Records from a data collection
-----

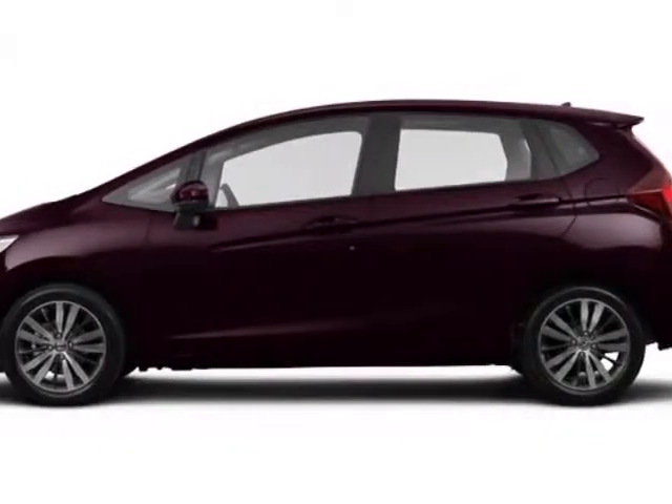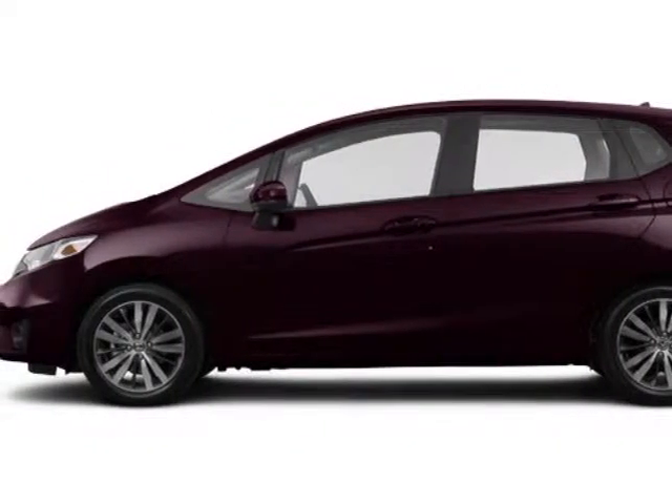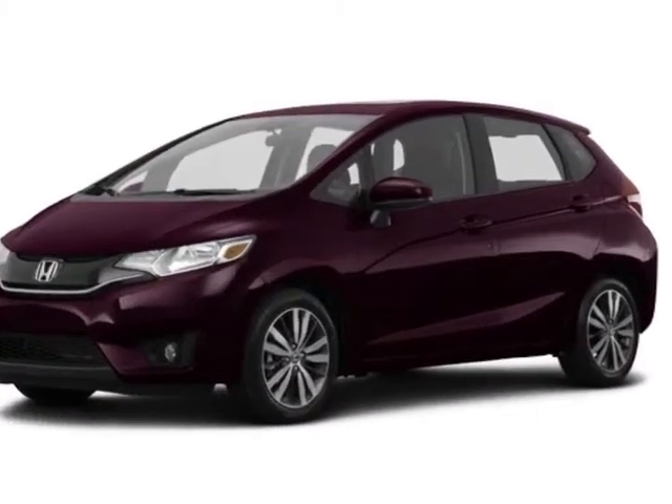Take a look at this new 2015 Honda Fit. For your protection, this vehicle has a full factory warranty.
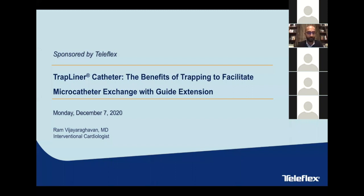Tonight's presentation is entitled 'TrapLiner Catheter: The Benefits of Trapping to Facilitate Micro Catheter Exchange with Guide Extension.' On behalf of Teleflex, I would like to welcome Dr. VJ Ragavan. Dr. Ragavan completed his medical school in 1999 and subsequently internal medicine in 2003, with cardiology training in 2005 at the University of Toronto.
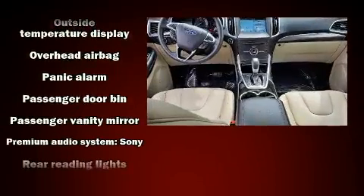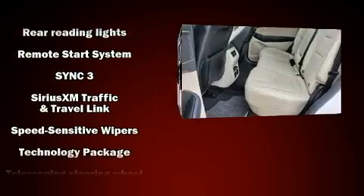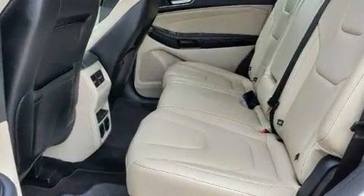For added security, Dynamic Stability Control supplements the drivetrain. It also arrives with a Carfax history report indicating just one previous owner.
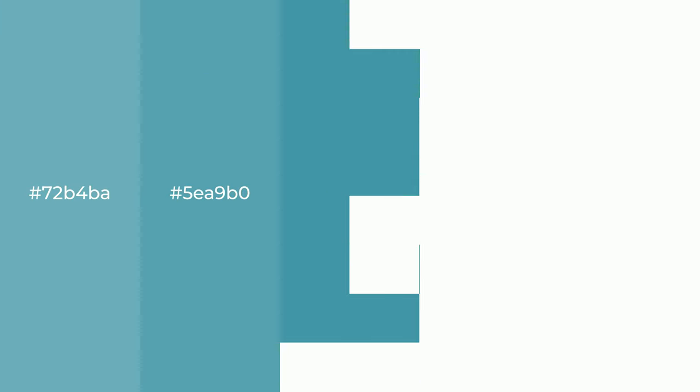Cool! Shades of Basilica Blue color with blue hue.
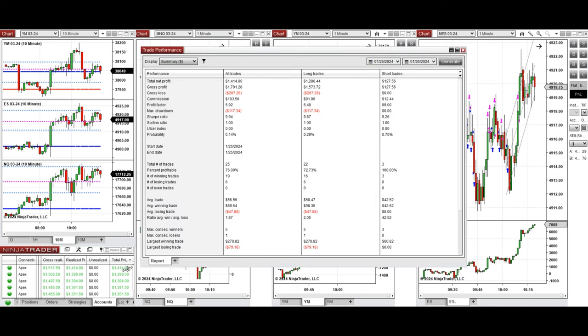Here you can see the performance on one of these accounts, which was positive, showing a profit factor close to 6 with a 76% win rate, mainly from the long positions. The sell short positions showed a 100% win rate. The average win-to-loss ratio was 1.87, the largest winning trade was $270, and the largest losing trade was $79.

-----

**Your instructions**: Nothing but the lines from the one that contains "For added security, Dynamic" through the last line of the records belongs in the answer, reproduced exactly, with no pictures.

**Written solution**:
For added security, Dynamic Stability Control supplements the drivetrain. It also arrives with a Carfax history report indicating just one previous owner.
Cool! Shades of Basilica Blue color with blue hue.
Here you can see the performance on one of these accounts, which was positive, showing a profit factor close to 6 with a 76% win rate, mainly from the long positions. The sell short positions showed a 100% win rate. The average win-to-loss ratio was 1.87, the largest winning trade was $270, and the largest losing trade was $79.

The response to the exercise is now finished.